Victoria Whale Watching Report: 3 Humpback Whales & Race Rocks Ecological Reserve
October 15, 2019
Guests and crew were eager to start our whale watching adventure this morning as we boarded the Orca Spirit and entered the Juan de Fuca Strait. We started our search for puffy, white blows, fins and splashes by heading south and west towards the Olympic Pennisula of Washington.
We moved west of Race Rocks Lighthouse where a humpback surfacing caught our attention!
This giant of the sea appeared to be foraging because it was swimming fast and switching directions as it dove into the deep. It had an all-black tail when it fluked, with a few white rings from old barnacles.
After about ten minutes of silence at the surface, we spotted two blows towards the lighthouse!

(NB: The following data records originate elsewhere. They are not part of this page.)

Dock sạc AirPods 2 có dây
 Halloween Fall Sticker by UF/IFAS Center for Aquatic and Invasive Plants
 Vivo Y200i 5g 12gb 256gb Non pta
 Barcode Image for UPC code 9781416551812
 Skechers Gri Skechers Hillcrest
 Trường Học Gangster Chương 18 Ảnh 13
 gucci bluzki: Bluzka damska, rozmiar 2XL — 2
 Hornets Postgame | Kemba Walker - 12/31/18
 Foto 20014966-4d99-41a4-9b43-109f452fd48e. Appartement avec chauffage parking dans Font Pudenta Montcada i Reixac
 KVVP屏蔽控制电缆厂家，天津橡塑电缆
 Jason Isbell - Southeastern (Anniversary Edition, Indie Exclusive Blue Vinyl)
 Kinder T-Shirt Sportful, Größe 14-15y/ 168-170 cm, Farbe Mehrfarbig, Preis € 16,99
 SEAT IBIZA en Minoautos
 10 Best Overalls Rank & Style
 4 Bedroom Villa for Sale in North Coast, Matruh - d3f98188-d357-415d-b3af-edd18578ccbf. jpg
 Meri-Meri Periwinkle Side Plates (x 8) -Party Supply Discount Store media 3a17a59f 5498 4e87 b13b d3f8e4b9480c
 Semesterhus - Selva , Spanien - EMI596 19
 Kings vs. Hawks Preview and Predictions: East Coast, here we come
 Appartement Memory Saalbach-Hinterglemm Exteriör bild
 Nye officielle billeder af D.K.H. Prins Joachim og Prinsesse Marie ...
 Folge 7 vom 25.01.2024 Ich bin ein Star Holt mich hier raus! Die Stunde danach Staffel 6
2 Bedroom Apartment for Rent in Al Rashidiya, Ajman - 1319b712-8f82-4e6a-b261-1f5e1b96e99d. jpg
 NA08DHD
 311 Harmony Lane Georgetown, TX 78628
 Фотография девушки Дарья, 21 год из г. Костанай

We started to move towards the blows and were surprised by humpbacks surfacing on the way. We realized we had three humpback whales in close range! The group of two was a mother and her calf. Mom had two white patches on the underside of her tail and the calf’s flukes were almost all white. The colour pattern on the underside of the tail is what we use to identify humpbacks as individuals.
It is always special to see the interactions between a mother and her calf. They mimic their mothers, surfacing side-by-side and fluking one after the other. Humpback babies are born in the winter months between December and February. Calving grounds are in the warm waters of Mexico, Hawaii and Costa Rica for the North Pacific population.
They will soon head south again to mate and give birth to next year’s young. Calves are under the watchful eye of their mothers for just one year. This little one only has a few more months before it takes on the world alone! But humpbacks are social animals, so a friend is never far!
As we were so close to Race Rocks Lighthouse, we headed over to the collection of rocky islets to check out the California and Steller Sea Lions. With growls, roars and barks filling the air, we enjoyed the sights but not so much the smell of these giant pinnipeds.
Their smaller cousins, the Harbour Seals, occupied the lower shorelines of the islands, keeping out of the way of the aggressive big boys. Time was running out for our adventure, so we said farewell to the wildlife and motored on in to the Victoria Harbour.